Bauer promised to be more responsible with his tweeting, a promise he was incapable of keeping, and it’s not new information that women have a very different online experience than men. I’m proud to work here with Julie DiCaro, a Peabody winner for #MoreThanMean four years ago, and know that if she had written the same piece and had the same back-and-forth on Twitter with Bauer that I did, her Twitter mentions wouldn’t just be an unreadable mess of poorly spelled insults, there also would be physical threats, and she would have to determine how seriously to take those threats. Online hasn’t exactly gotten better since 2016, you may have noticed.

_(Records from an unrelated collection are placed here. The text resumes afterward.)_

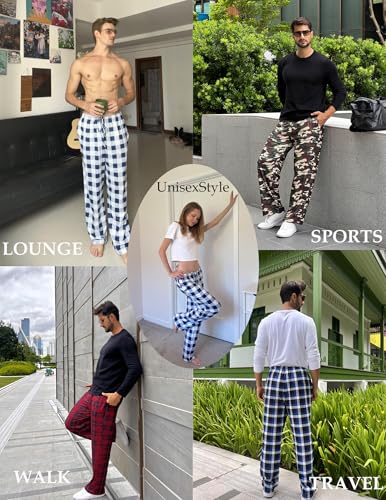Save Over 50% on Ekouaer Men's Pajama Pants - Image 4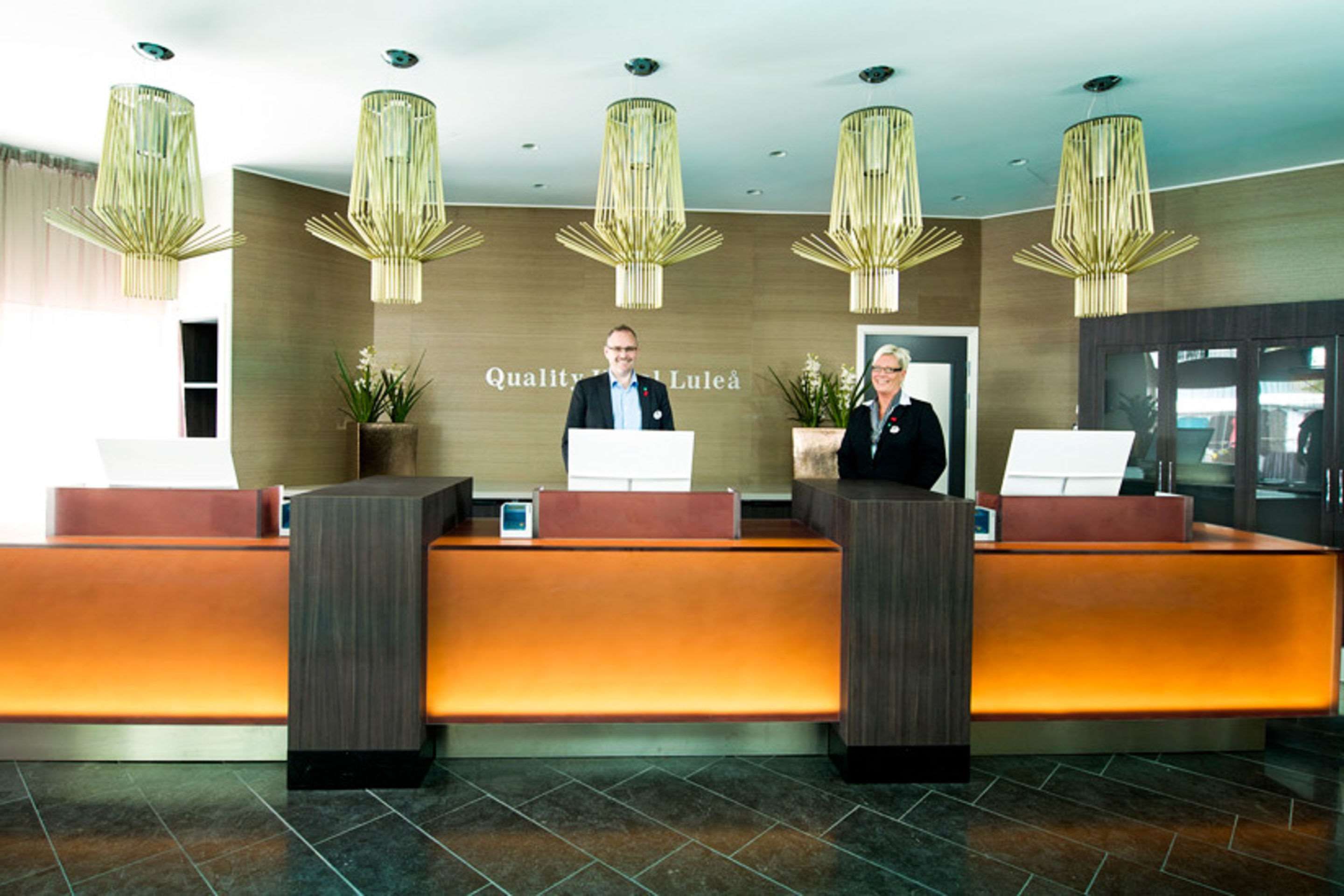 Recepción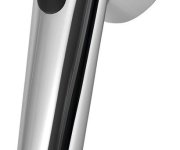 Aqualine Výsuvná Sprcha Dřezové Baterie 1/2", 2 Režimy, Chrom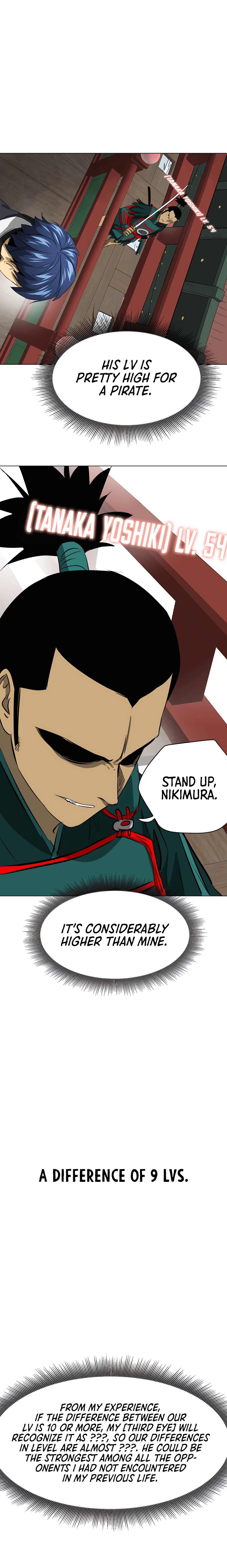 Infinite Level Up in Murim chapter 138 page 9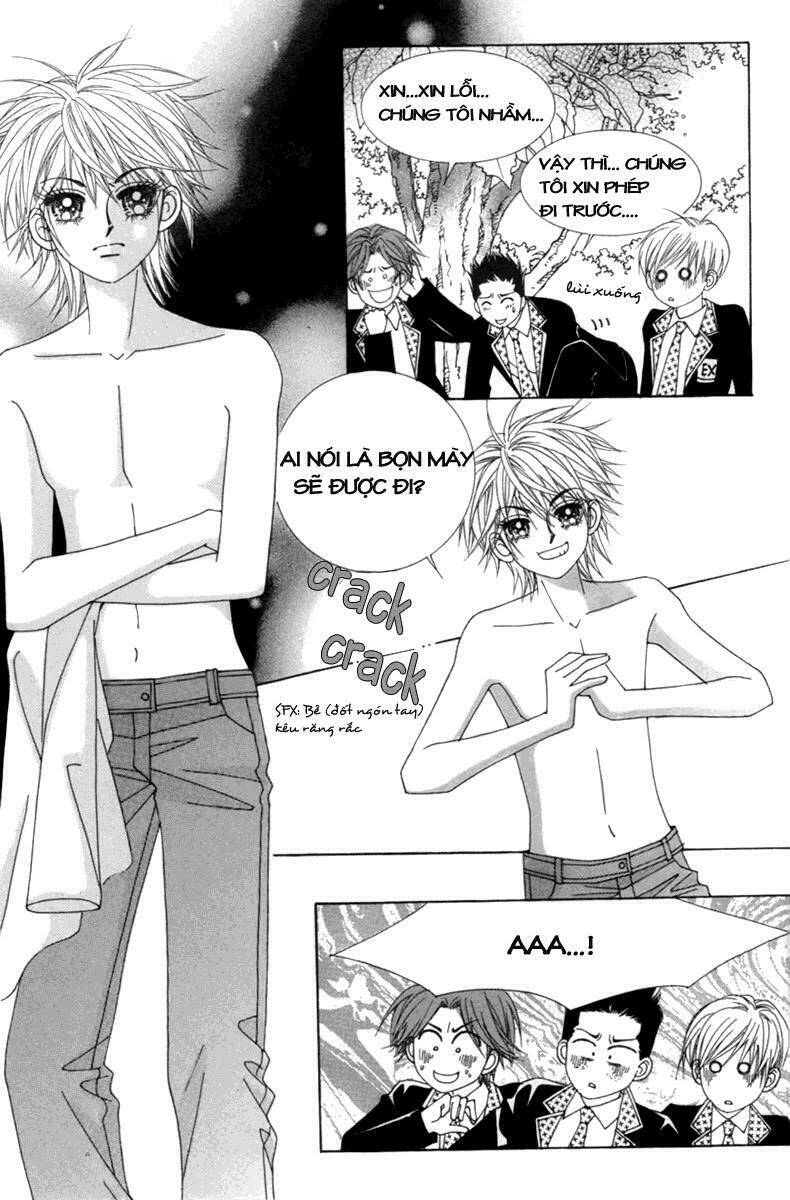bạn trai tôi là ma cà rồng chapter 1 37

To be mindful of these facts while tweeting is not sexist, it’s an acknowledgment that there’s inequality in the way that people act and proceeding accordingly. It’s the reason that if Barstool Sports does some of its nonsense and I’m reacting to it, I’m going to consider whose content I engage, because quite often amplifying a woman’s criticism of that site is to invite thousands of trolls into her mentions.
Bauer, despite his past experience in this area, does not think that way. He’s very smart about baseball, and has a lot of good ideas about growing the game, but human interaction has never been his thing.
“I’m good at two things in this world,” Bauer said in a Sports Illustrated profile last year that described, among other incidents displaying his lack of social awareness, his insistence on wearing a Duke cap during his UCLA recruiting visit. “Throwing baseballs and pissing people off.”
Bauer is done throwing baseballs for this year.